Key Takeaways
- Walmart shares soared this week after it announced a commerce partnership with OpenAI that will allow ChatGPT users to buy Walmart merchandise directly through the chatbot.
- OpenAI deals have fueled the latest stretch of the AI rally, but have also raised eyebrows on Wall Street, where an increasing share of investors worry AI is in or approaching a bubble.
- The OpenAI-Walmart partnership could allay some investor fears by boosting OpenAI’s revenue, reducing its debt burden and demonstrating AI can deliver tangible returns on investment.
The OpenAI fairy dust that has boosted tech stocks this year is spreading to new sectors.
OpenAI and Walmart on Tuesday announced that ChatGPT users will soon be able to have the chatbot shop at Walmart for them without leaving the app. “Whether planning meals, restocking household essentials, or finding something new, customers can simply chat and buy, and Walmart will handle the rest,” Walmart said in a statement.
Walmart (WMT) stock rose on the announcement, gaining nearly 5% on Tuesday, its best day since early April. Shares tacked on another 2% on Wednesday to close at a record high and pace Dow Jones Industrial Average gainers for the second straight day. The stock lost ground on Thursday.
For OpenAI—which has been at the center of the deal-making lately that has sparked concerns about a possible AI bubble—the partnership with the world’s largest retailer represents an important step in its efforts to prove commercial viability. While the terms of the deal weren’t disclosed, OpenAI is likely to receive a commission from sales made on its platform, which could reassure some market watchers concerned about the ability of OpenAI to generate revenue and reduce its debt burden.
Why This Is Important
With stocks trading at record highs despite heightened economic and geopolitical uncertainty, some investors have grown concerned that the AI rally fueling stock gains looks a lot like the Dotcom bubble of the late 1990s. When that bubble burst, the tech-heavy Nasdaq index lost nearly 80% of its value and took about 15 years to recover.
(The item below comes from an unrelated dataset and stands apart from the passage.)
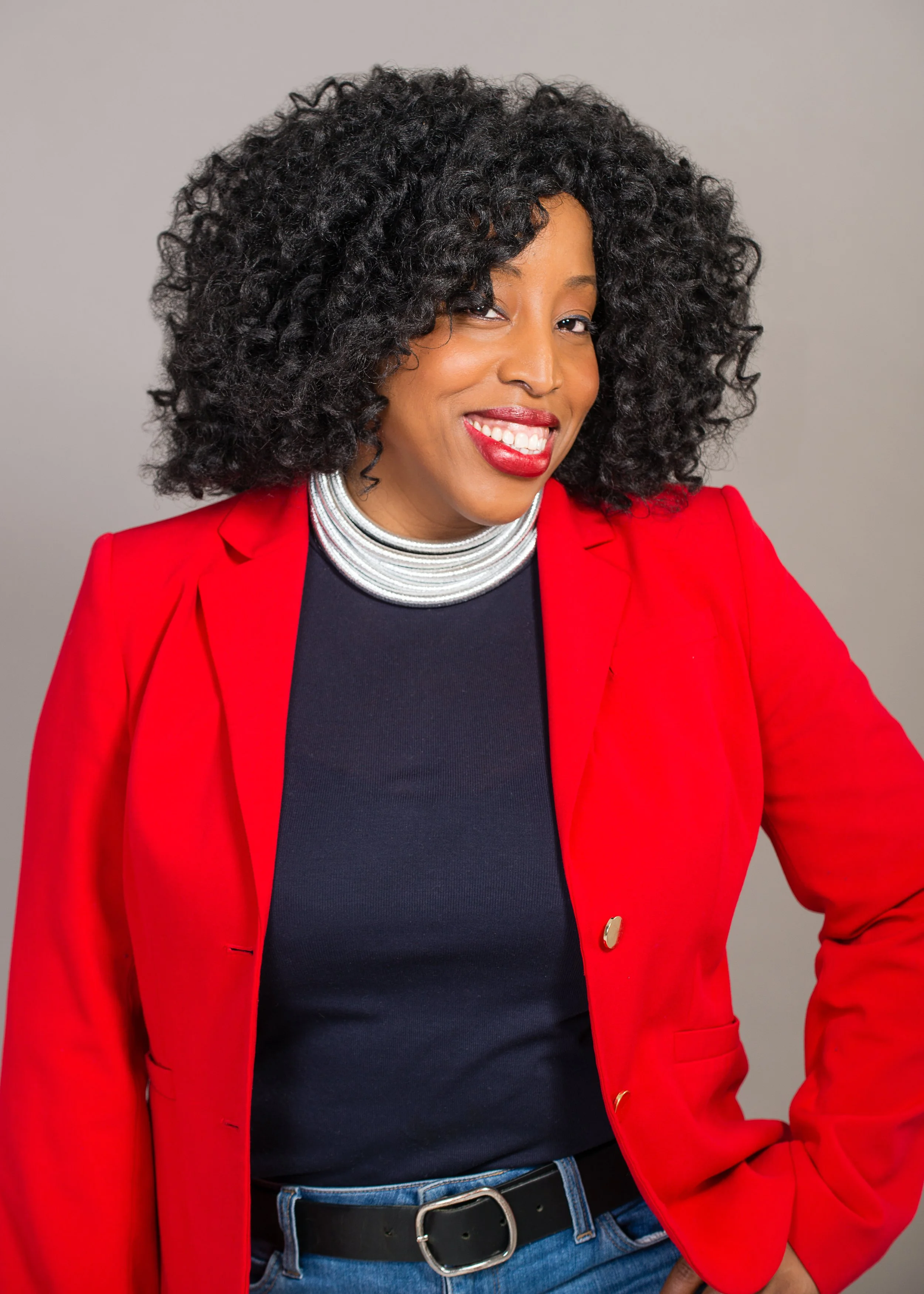 Lillian Ogbogoh, a black woman in red jacket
OpenAI Deals Fuel Rally—and Bubble Concerns
Walmart is the latest company whose stock has skyrocketed on the announcement of a tie-up with the world’s most valuable private start-up. Shares of Broadcom (AVGO) soared nearly 10% Monday after it signed a deal with OpenAI to co-develop and deploy custom AI systems. Advanced Micro Devices (AMD) inked a similar deal with the company last week, and its stock added nearly 25%. Even a simple shoutout at OpenAI’s developers conference is enough to lift shares.
OpenAI’s recent dealmaking bonanza has sustained the latest leg of a nearly three-year bull market fueled by big tech and the AI boom. But it has also raised red flags on Wall Street, where some worry about the circularity of the deals underpinning lofty stock valuations.
More than half of global fund managers surveyed by Bank of America in early October said they thought AI was in a bubble, and one-third identified an AI bubble as the stock market’s biggest tail risk, more than inflation (27%) and challenges to the Federal Reserve’s independence (14%).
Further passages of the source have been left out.